Breach of duty of care
-
The employer’s non-delegable duty of care is to take reasonable care to avoid exposing workers to unnecessary risks of injury. If there is a real risk of injury to an employee of a task, the employer must take reasonable care to avoid the risk by devising a method to eliminate the risk or alternatively to provide adequate safeguards.
-
The first question is whether a reasonable person would have foreseen that the system of work for the plaintiff involved a real risk of injury.
-
The plaintiff was obliged to mix two parts of cement to six parts of sand, an activity lasting 30 – 35 minutes. It was building site work which was classified as a small job according to Mr Reyes (Exhibit 1 p. 221). The plaintiff had been trained in manual handling and posture in order to obtain a white card.
-
This work was a “simple uncomplicated” (to use the description in Van der Sluice v Display Craft Pty ltd [2002] NSWCA 204) operation, involving the stirring of concrete, in the normal system of work. It did not involve the lifting of heavy weights, or special skill or strength, or some foreseeable risk from the very nature of the work. While the plaintiff suffered injury doing the work, the standard of reasonable care is not the same as a guarantee of safety (Liftronic Pty ltd v Unver (2001) 75 ALJR 867). The task the plaintiff was performing was simply one of the many repetitive tasks on a building site requiring a normal degree of strength.
-
Causation in relation to system of work is assessed retrospectively and is fact-based. On the facts identified in this case as relevant, even on the plaintiff’s version alone, a reasonable person in the place of the employer would not have foreseen that asking an employee to mix concrete on a pallet for the period of time identified by the plaintiff involved a real risk of injury.
-
The plaintiff accordingly has failed to establish that the defendant was negligent.
Concluding remarks
-
As the plaintiff has failed to establish, on the balance of probabilities, that the failure to take the precautions alleged to be reasonably necessary to provide a safe system of work was a necessary pre-condition of the occurrence of the injury, judgment will be entered for the Defendant.
-
I briefly repeat my findings above that, as to medical causation, the plaintiff has established that the injuries and disabilities the plaintiff complains of were the result of the accident the subject of this claim. The plaintiff must establish that the asserted ongoing disabilities are genuine, there being challenges to the plaintiff’s claims of ill health and inability to work, based on surveillance video and failure to produce financial records.

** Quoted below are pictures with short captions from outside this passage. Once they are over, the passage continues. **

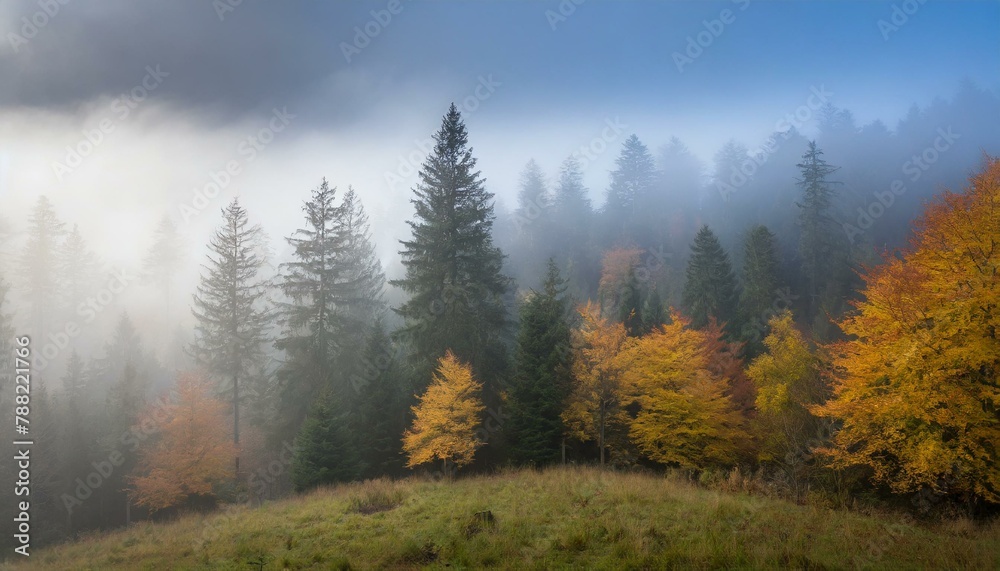 Serenade of Mist: A Symphony of Colors in the Black Forest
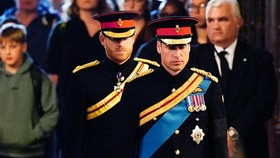 Harry dan Pangeran William Masih Sulit Akrab Selama Masa Berduka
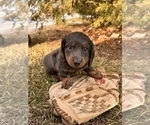 Small #1 Dachshund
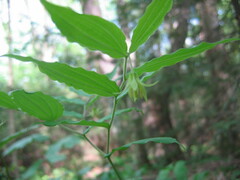 Prosartes lanuginosa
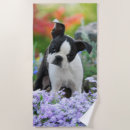 Search for boston terrier gifts Puppy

I am satisfied that the defendant has made out those challenges and established that the plaintiff has a significant residual capacity to work and that the claim for damages, were it to be made, would have to reflect that capacity. However, that is insufficient to establish liability in the absence of breach of duty by the defendant.
Contributory negligence
-
In the event that I have erred in my findings as to liability, I note my finding would have been that there is no contributory negligence. The plaintiff was following his employer’s instructions. He had only worked there for three months and this short period of time was the whole of his construction site experience.
Failure to mitigate
-
While the plaintiff bears the onus in relation to failure to mitigate under s 151L, the defendant is obliged to particularise that failure.
-
No particulars were provided in the defence and it was not until the closing submissions that Mr Halligan, under the heading “Lost Earning Capacity”, referred to the plaintiff’s failure to seek employment in the form of “utilisation of his IT skills”.
-
There is considerable overlap between the complaint of failure to mitigate and economic loss.
-
Failure to provide particulars of mitigation is not an acceptable form of pleading, whether the other party bears the onus or not. In Cicino v F & C Tassone & Sons Pty Ltd [2016] NSWDC 191 at [134], Dicker SC DCJ observed that the failure to mitigate had not been particularised. The plaintiff cannot know the case it has to meet in relation to mitigation in the absence of particulars.
-
Accordingly, I do not propose to make any findings in this regard.
Assessment of damages
-
In view of my findings on liability, these observations are brief.
-
The plaintiff worked for the defendant as a skilled labourer/post-tensioning technician performing heavy manual duties including handling equipment, heavy lifting, twisting and bending and other physical activities of the kind commonly observed in the construction industry.
-
The plaintiff was working 38 hours per week and earning $1,400 gross per week (which counsel for the plaintiff notes, in the schedule of past loss of income, was approximately $1,040 net per week).
-
I have read the Occupational Health Assessment Centre report (13 August 2014) which concludes that, but for the injuries he received, the plaintiff says that he would more likely than not have continued to work full time for the defendant. I do not accept that this is the case. I note the brief reference to the plaintiff’s “home-based business” on page 2 of this report (Exhibit A, tab 22), but this information was obtained from the plaintiff and had “not been verified by external sources”. The plaintiff’s description of his home-based business, as set out on page 4 of the report, paints a gloomy picture which is at variance with the material online which has been tendered by the defendant. He did not tell the vocational assessors of his passion for fine food or his interest in holistic products.
-
Despite this handicap, the astute vocational guidance assessors correctly identified the plaintiff’s prior work experience included being a call centre operator, which his Internet biography discloses he did for three years. Another of the proposed jobs was that of importer or exporter, which would seem appropriate, since this is what he is currently doing. I am satisfied that these reports accurately reflect the plaintiff’s substantial capacity for employment.
-
I also note, in relation to the plaintiff’s evidence that his 2001 IT diploma was obsolete, that there is nothing in this report to support this. To the contrary, it is given significant weight by the vocational assessors and also is a highlight on the plaintiff’s website biography.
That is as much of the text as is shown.